Вера налила чай в стаканы, придвинула стулья к столу.
– А я ведь про вашего Сережу слыхал, – сказал Андреев.
– Что? Что? – одновременно спросили отец и дочь.
– Как же это я забыл! Раненый один ополченец с завода со мной переправлялся через Волгу – он с моим другом Поляковым, плотником, в минометной батарее вместе воевал, вот я и расспрашивал, кто еще вместе с ними. Он перечислил и назвал, Сережка Шапошников, городской парнишка он, ваш, словом.
– Ну и что же наш Сережка? – нетерпеливо спросила Вера.
– Ничего. Жив, здоров. Так про него специально не рассказывал, только сказал: боевой паренек и очень с Поляковым подружился, так что смеялись даже на батарее – старый и малый всегда вместе.
– А где они теперь, где батарея их? – спросил Степан Федорович.
– Он рассказывал так: сперва в степи стояли, там первый бой приняли, потом под Мамаевым Курганом, а в последнее время отступили в поселок завода «Баррикады», в доме позицию заняли, прямо из подвалов бьют, стены, говорит, такие в этом доме, что их бомбы не прошибают.
– Ну, а Сережа, Сережа-то? Как он выглядит, как одет, как настроен, что говорит? – спросила Вера.
– Не знаю, что говорит, а одежда у всех одна, красноармейская.

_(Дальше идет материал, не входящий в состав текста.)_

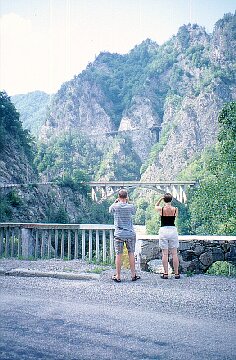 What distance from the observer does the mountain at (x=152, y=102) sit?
91875 millimetres

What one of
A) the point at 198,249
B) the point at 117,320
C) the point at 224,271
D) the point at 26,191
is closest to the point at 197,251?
the point at 198,249

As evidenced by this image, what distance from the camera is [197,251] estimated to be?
19.9ft

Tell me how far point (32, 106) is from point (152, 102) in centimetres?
4400

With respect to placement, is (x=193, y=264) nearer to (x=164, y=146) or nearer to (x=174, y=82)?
(x=164, y=146)

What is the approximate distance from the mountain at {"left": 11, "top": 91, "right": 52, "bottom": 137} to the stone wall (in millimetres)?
121473

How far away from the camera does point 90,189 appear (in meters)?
53.3

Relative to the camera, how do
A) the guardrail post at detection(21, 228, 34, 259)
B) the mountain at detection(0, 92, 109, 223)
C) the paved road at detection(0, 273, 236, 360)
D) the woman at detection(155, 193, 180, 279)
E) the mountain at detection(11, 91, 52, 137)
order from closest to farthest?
the paved road at detection(0, 273, 236, 360), the woman at detection(155, 193, 180, 279), the guardrail post at detection(21, 228, 34, 259), the mountain at detection(0, 92, 109, 223), the mountain at detection(11, 91, 52, 137)

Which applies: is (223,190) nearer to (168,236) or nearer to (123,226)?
(168,236)

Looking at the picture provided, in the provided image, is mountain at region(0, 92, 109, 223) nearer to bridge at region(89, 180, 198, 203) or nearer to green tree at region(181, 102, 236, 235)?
bridge at region(89, 180, 198, 203)

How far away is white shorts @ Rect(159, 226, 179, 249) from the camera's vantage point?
18.4 ft

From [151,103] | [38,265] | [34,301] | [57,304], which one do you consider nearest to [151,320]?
[57,304]

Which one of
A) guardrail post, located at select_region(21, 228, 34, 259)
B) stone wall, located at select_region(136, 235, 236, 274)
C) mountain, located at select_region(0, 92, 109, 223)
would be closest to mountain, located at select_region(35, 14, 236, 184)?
mountain, located at select_region(0, 92, 109, 223)

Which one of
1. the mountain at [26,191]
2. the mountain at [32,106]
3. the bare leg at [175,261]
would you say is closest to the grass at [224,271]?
the bare leg at [175,261]

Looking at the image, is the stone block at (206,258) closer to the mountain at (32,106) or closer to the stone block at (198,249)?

– Да, конечно, это я глупости спрашиваю, но значит, совершенно здоров, не ранен, не контужен, ничего?
– Вот это он сказал: жив, здоров, не ранен, не контужен.
– Ну, вы еще раз повторите, Павел Андреевич: значит, боевой парень, так он сказал, с Поляковым дружит, не ранен, не контужен. Ну, повторите, пожалуйста, очень прошу вас, Павел Андреевич, – волнуясь, говорила Вера.
И Андреев, улыбаясь, медленно растягивая слова, чтобы рассказ получился подлинней, снова повторил все то, что слышал от раненого ополченца о Сереже.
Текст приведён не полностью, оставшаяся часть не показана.